Shirley first arrived in Alaska in 1980 when she landed in Dillingham to work for Queen Fisheries for the summer. After returning home to Seattle at the end of the season, she soon realized she wanted to be back in Alaska full time. After applying to seafood processers in Bristol Bay, Kodiak, and Unalaska, it was Pan Alaska Fisheries in Unalaska/Dutch Harbor that offered her the way back. She worked in the seafood processing industry for the next eight years. Accepting a position with a fishing vessel logistics company in Captains Bay that lasted five years created a new direction, a new challenge, and ultimately a new (and only) husband.
Fast forward to going to work for Samson Tug and Barge as the Dutch Harbor Operations Manager (with a newborn) and spending the next twenty years immersed in the maritime transportation industry with a focus on the seafood industry and small local business support. During these years she ran for City Council in 1994, and to her shock, won. This was the start of 23 consecutive years of service in local government with ten years on Council and thirteen years serving as Mayor of the City of Unalaska.
Staying true to her maritime roots (Father served in the USCG and Mother in the Navy) Shirley focused on maritime safety and risk reduction in the Bering Sea and Aleutian Islands. She served on the Aleutian Island Risk Assessment team after the ill-fated Selendang Ayu ran aground off Unalaska Island in 2004 and was instrumental in the development and design of the Emergency Towing System (ETS) that is on-site and ready for deployment around the state today. Supporting the AMHS by serving on the MTAB for ten years she successfully led the push to add a second port call each month to the Tustumena’s summer route in order to better serve coastal SW Alaska.
Called to serve by Governor Bill Walker in 2017, Shirley took the position as Alaska’s Director of Boards and Commissions for just over a year, and then Executive Director of the Alaska Marine Highway System for just under a year.
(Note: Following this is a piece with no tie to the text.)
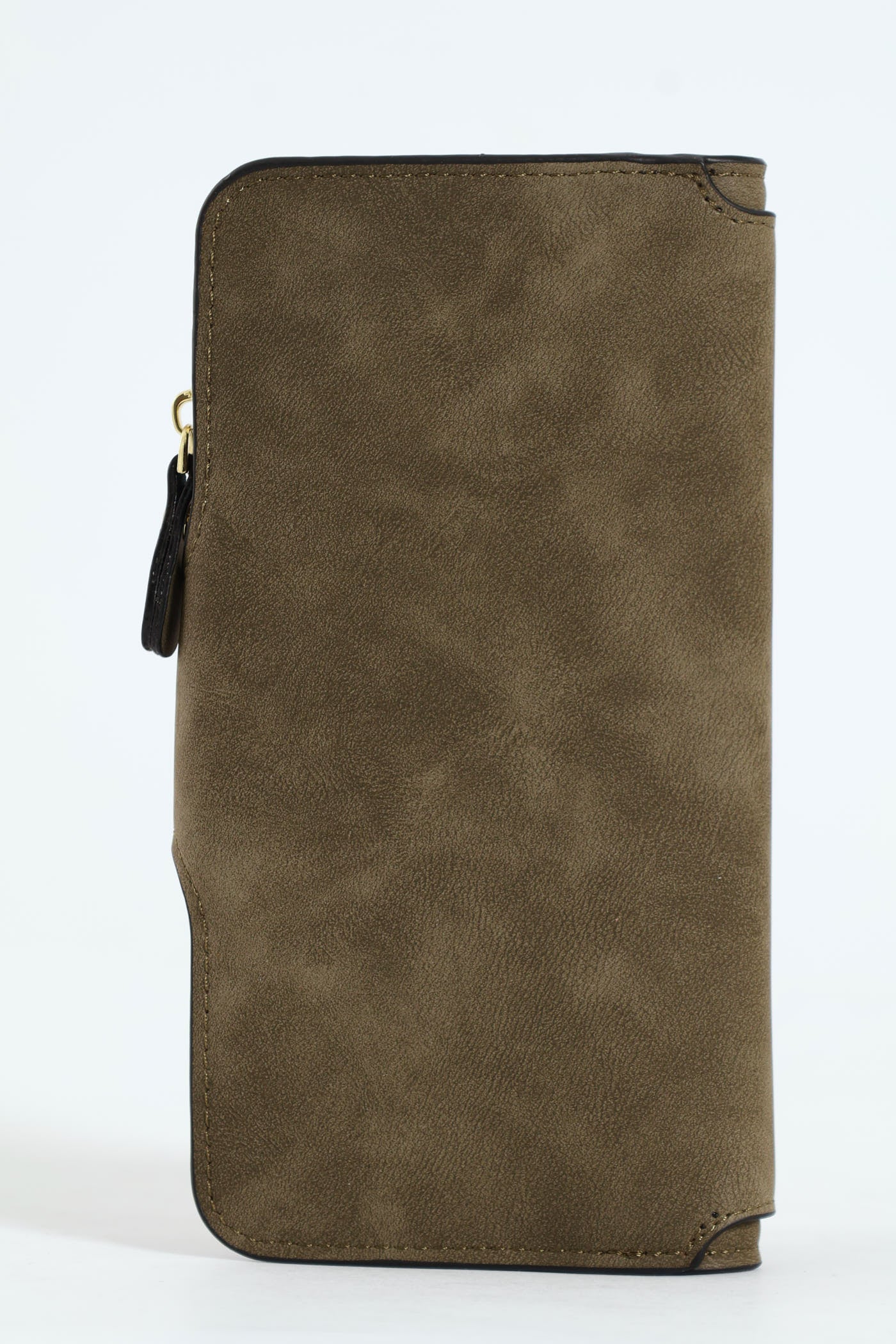 Large Bifold Wallet - Olive - Image 3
Both roles were complex and challenging, yet greatly enjoyable.
Southwest Alaska is in Shirley’s blood. A unique, challenging, beautiful, heartbreaking place of adventure, peace, joy and belonging is the best way she can explain to folks in the Lower 48 as to why she spent 40 years of her life 800 miles west of Anchorage on an island between the Bering Sea and the Gulf of Alaska. That’s good enough for her.